Thursday, July 26, 2007

Seeds and weeds

My husband is not much of a Sci-Fi fan, but one of his favourite films is “Blade Runner”. It’s all about a policeman chasing replicants – people who look and act like human beings, and are totally convinced that they are humans, but they are not. The great mystery is whether the policeman, played by Harrison Ford, is himself a replicant, but just doesn’t know it. The secret, so my husband insists, is in the origami animals.

I was reading one of the parables this morning – the one about the farmer who sows good seed, and then the enemy comes along and sows weeds. When the workers realise what has happened they ask whether they should pull out the weeds. The farmer tells them to wait until harvest time.
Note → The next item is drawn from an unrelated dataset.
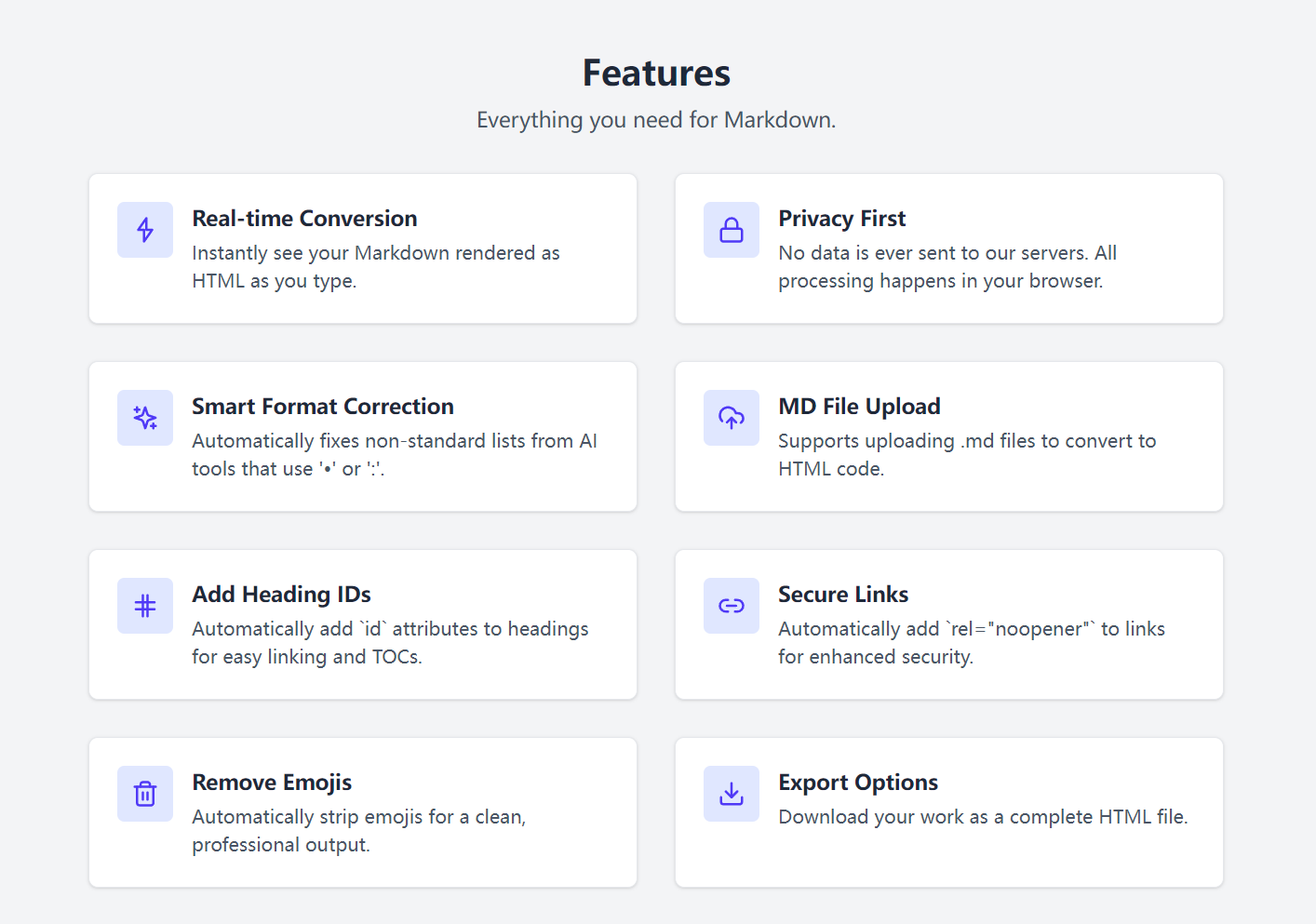 markdownhtml gen - ฟรี MARKDOWN ที่เป็นมิตรกับเนื้อหา AI ไปยัง HTML Converter media 2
If they start pulling out the weeds now, chances are they will end up pulling out the good plants by mistake.

When it comes to working out who is a Christian and who isn’t, it is pretty much like “Blade Runner” – according to the parable, it is hard to tell.

I can remember a few weeks towards the end of term. It was not a good time for me. I felt that I was being assailed on every side. I know that 2 Corinthians:8 talks about being pressed on every side by troubles but not being crushed and broken – well, that might be many people’s experience, but it wasn’t mine. I was feeling well crushed and broken. I was reacting in a less than positive manner!

Being a teacher of Religious Education, I am often asked about my own faith. In this incident, the question was whether I was a Christian or not. I generally feel that if I am asked about my faith, I have an opportunity to witness – I have not initiated the conversation. Sometimes, it is not appropriate to talk about my faith. In this particular incident, all I could think about was how bad a testimony I had been giving. I was missing the mark by a long way. It mattered that God’s name was honoured, and I wasn’t doing that through my actions.

The word “Sometimes” crept out of my mouth. The minute I said it I was overwhelmed by a sense of shame. My intentions were good in that I did not want my faithless behaviour to be associated with God. I had badly let God down. I felt I was doing more harm than good to His kingdom, and perhaps until I sorted myself out, I should not claim to be His citizen.

God’s reaction came to me so clear - “Do you seriously think that I would ever disown you just because right now you have a lousy testimony? If I refuse to disown you, I expect that you will not disown me.”

Anyone looking over my life in those weeks would have been hard pressed to believe that I was a Christian, based on the way that I was living my life – and yet, I was. I looked pretty much like a weed – and had those workers come along, I would have been pulled up without a second thought.

Right back from the time Eve looked on that apple and took a bite, we have been inclined to be swayed by what we see. We look on the outward actions of people where God looks at the heart.

I have nurtured too many weeds in my garden and pulled up too many genuine flowers to know that I really don’t know enough to make judgements about who is or who isn’t a seed or a weed. God knows!